Saberhagen, Fred – Lost Swords 04 – Farslayer’s Story

The insect chittering took on an ominous overtone. “There is nothing new in this report.”

The man who sat by the fire frowned at the empty pan he was still holding in his right hand. Then he put it in the fire, concave side down, to cleanse it. He retained his calm. He said: “I am aware of that. The situation still holds. And tell him that the fight between the two contending clans, using Farslayer, did indeed take place just as some of his powers reported to him. Since my own last report I have visited the stronghold of the Malolo clan and made sure of that.”

“A small accomplishment. And you have not visited the clan of the Senones?”

“I am on my way there now. I intend to talk with the leaders of that clan tomorrow.”

“But the Sword is still missing,” said the demon, as if that were the most reasonable remark in the world to make, making a point that the man might never have thought of for himself.

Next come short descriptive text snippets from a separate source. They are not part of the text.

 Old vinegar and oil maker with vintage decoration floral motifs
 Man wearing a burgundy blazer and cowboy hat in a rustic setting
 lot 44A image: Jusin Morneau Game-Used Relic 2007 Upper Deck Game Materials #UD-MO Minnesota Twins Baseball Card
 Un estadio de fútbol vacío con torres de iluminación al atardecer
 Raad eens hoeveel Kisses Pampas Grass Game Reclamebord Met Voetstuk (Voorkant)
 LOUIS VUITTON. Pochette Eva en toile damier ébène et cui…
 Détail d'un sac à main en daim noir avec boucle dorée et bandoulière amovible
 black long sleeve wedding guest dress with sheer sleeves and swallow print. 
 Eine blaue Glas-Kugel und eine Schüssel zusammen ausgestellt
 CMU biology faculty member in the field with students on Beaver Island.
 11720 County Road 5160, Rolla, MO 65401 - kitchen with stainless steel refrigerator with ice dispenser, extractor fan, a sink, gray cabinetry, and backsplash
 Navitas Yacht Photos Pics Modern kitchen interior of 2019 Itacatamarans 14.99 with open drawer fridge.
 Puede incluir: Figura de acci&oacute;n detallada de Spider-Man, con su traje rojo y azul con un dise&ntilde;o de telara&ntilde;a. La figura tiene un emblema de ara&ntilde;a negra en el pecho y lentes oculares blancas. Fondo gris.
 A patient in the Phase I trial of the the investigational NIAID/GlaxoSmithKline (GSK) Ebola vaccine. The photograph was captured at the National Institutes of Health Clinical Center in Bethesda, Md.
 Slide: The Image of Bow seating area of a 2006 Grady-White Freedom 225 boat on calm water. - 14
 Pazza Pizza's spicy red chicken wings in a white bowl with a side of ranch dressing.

“I am aware that the Sword is missing.” The man with an effort retained his patience. Suddenly he looked up from the fire, into the heart of the nearby aerial disturbance, as if to demonstrate that he was not afraid to do so. “That is why I am here.”

“The Dark Master requires that you shall find the missing Sword for him.” Again, the voice of the visitor seemed to imply that the human needed instruction on this point.

“I am aware of that, too.” Fear and anger contending in him, the man still managed to control himself. “The fact that the Sword of Vengeance is missing is not my fault.”

“Yet the Dark Master will require it from you.” There was no doubt about it now. The power hovering over the fire, polluting the darkness among the trees, was seeking to goad Chilperic, to provoke him to some uncontrolled response. After a time its unreal sounding voice began to repeat mechanically: “Yet the Dark Master-”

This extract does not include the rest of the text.